Top Democrat Clyburn: $740 billion spending-tax bill will be issue in midterm elections
South Carolina Rep. James Clyburn, the House Democrat Whip, said that the $740 billion bill called the Inflation Reduction Act that passed the House on Friday evening will be a major issue in this fall’s midterm elections.
The bill passed on a party line 220-206 vote
In fact, the Democrat said that what happens in those elections will be a mandate on the future of the bill, which will add 87,000 agents to the Internal Revenue Service, install price requirements for some health care and tax credits for green energy.
"In November, it could very well be that you elect a group that will cut this bill off before it ever gets started," Clyburn said Friday morning. "So the question is very clear: Do you want to see this legislation put in place in 2023 or do you want to see it repealed come 2023? Just that simple."
The bill will head to President Joe Biden, who currently in vacationing in South Carolina, for his signature next week.
It includes tax credits for manufacturing solar panels, wind turbines, batteries and green energy technologies and places caps on prescription drug prices and the summary says there are "no new taxes on families making $400,000 or less and no new taxes on small businesses — we are closing tax loopholes and enforcing the tax code."
Earlier this week, South Carolina U.S. Sen.
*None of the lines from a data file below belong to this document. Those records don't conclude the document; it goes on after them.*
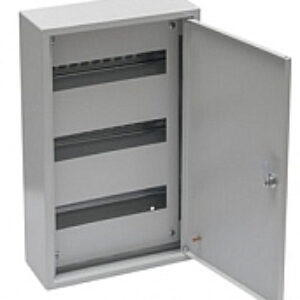 Щит распределительный Basic MB21-36-BAS 21век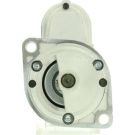 Starter 440.002.092.000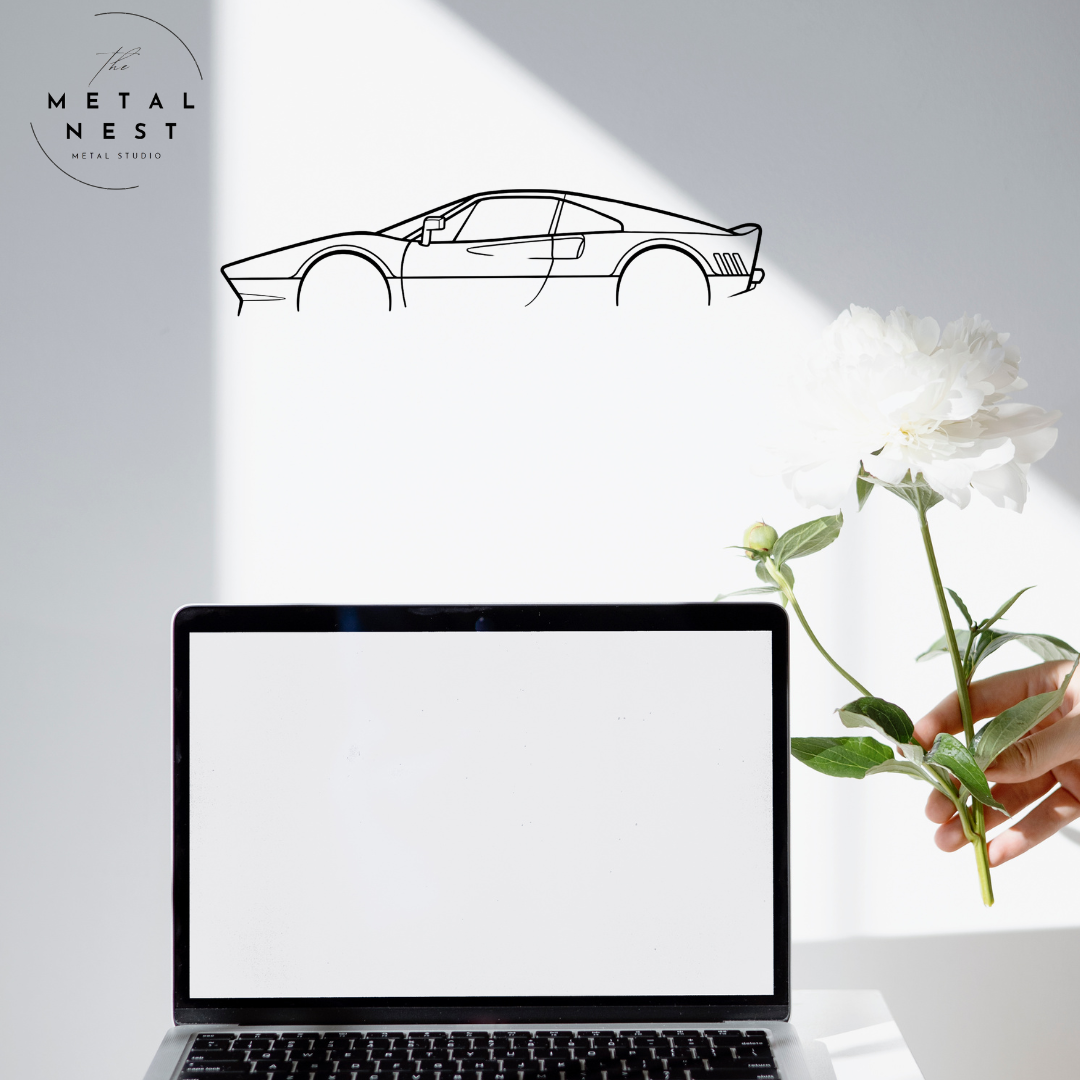 فيراري 250 GTO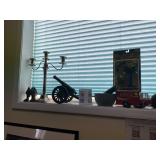 EstateSalesByOlga in Cranford, NJ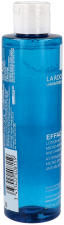 Effaclar Astringent Tonic for Oily Skin 200 ml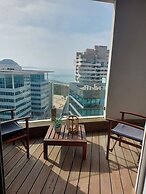 Marina Casablanca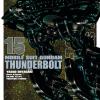 Mobile suit Gundam Thunderbolt. Vol. 15
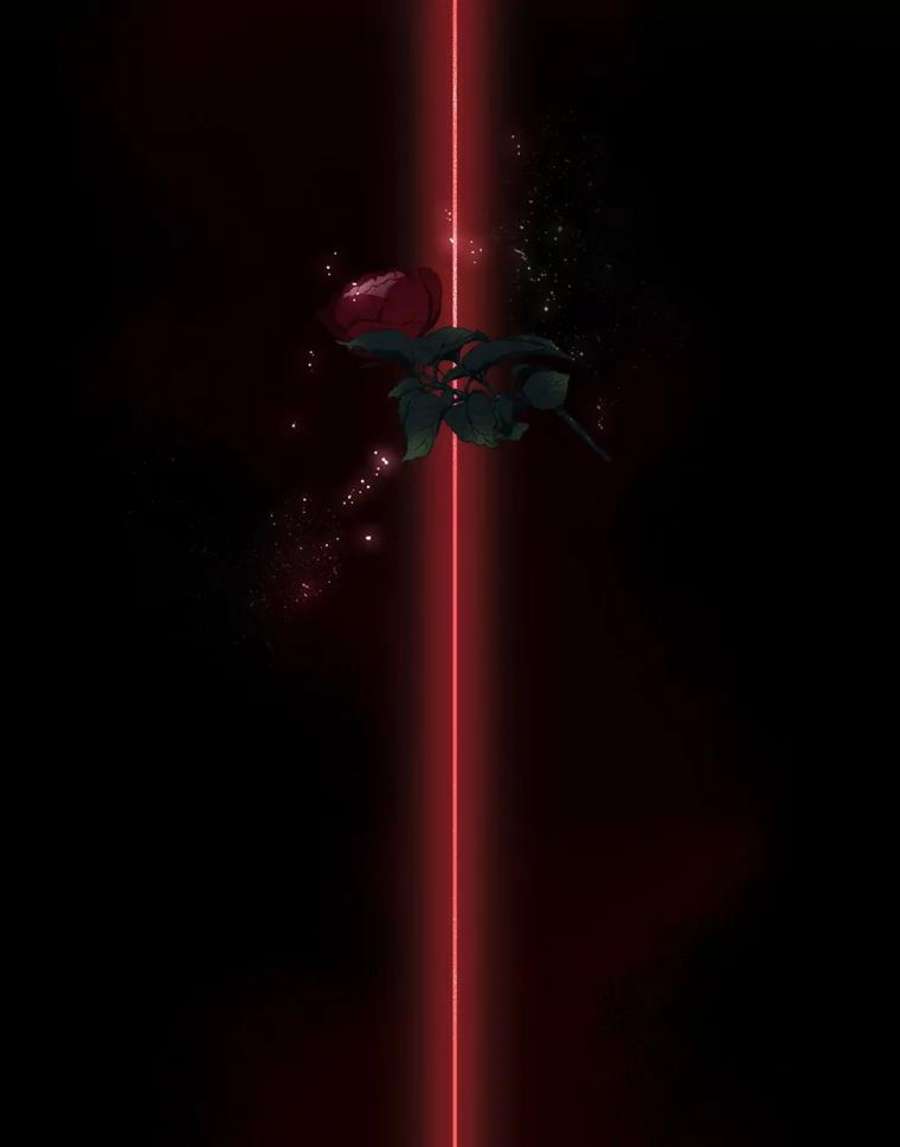 当恶女恋爱时63.舞会进行时（1）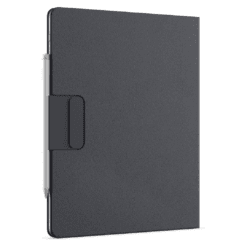 Cover Kindle Scribe 3 (2025-2026) Chính hãng - Executive Folio 9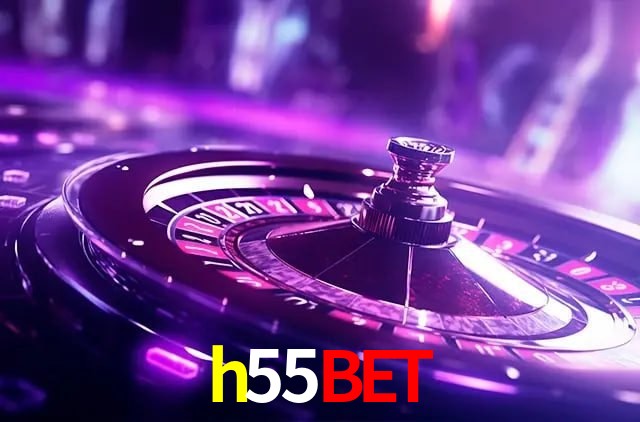 h55bet feedback — formulário de envio no aplicativo oficial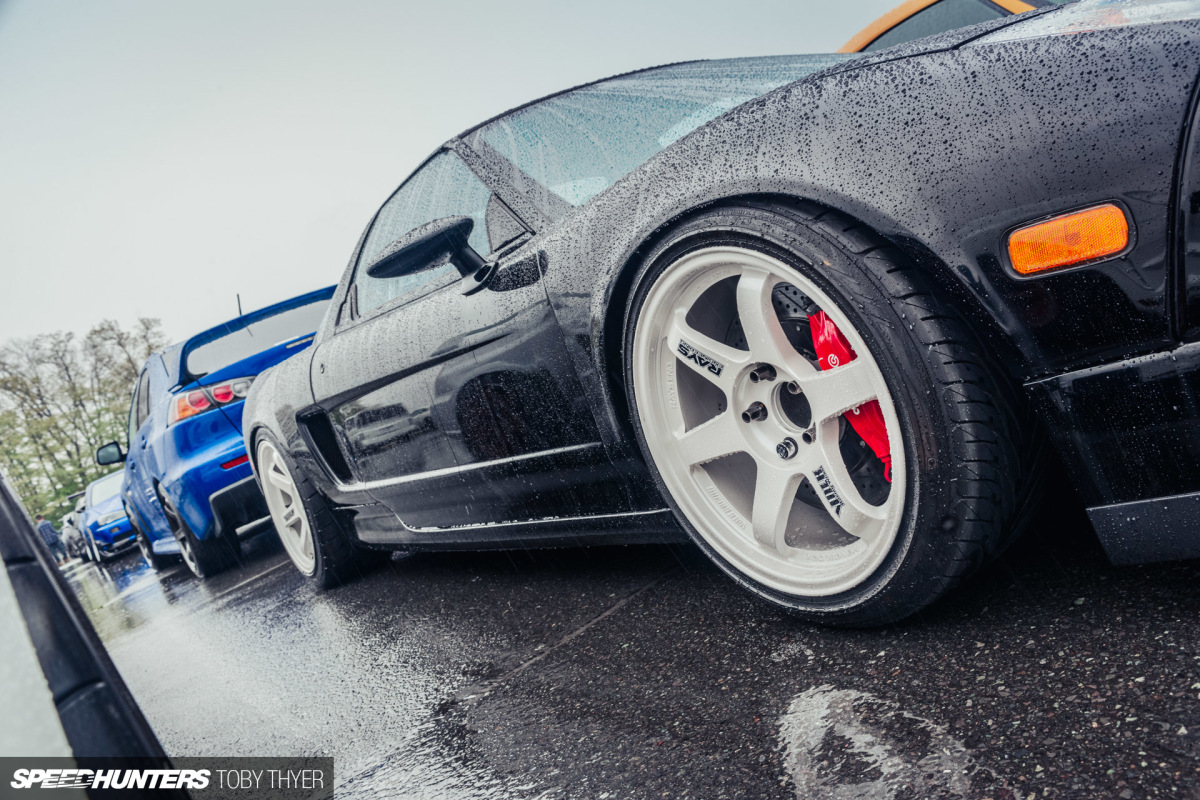 Toby_Thyer_Photographe_-48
Lindsey Graham and Gov. Henry McMaster spoke out against the bill, which McMaster said that he believes will further increase the $30.59 trillion national debt.
"There is never a good time to raise taxes," McMaster said. "We are taxed enough. What we need to do is spend the money on the right things."
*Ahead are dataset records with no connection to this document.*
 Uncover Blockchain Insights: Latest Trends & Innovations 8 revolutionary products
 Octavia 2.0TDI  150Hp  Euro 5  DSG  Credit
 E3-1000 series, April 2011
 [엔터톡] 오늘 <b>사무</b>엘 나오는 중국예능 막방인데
Graham criticized the IRS increases, saying that the department will be larger than the British Army, which includes 80,976 full-time troops, along with 52,600 in the reserves.
"I think we need a bigger British Army and a smaller IRS," Graham said.
Clyburn said that he hopes the cap on insulin costs of $35 per month for Medicare recipients can be extended to become a private insurance requirement in the future, something that he said was blocked by Senate Republicans.
He said that Democrats look to improve legislation rather than attempting to repeal it.
"We are putting people over politics of health care," Clyburn said. "That’s a decision … Rather than try to repeal it, we try to improve it."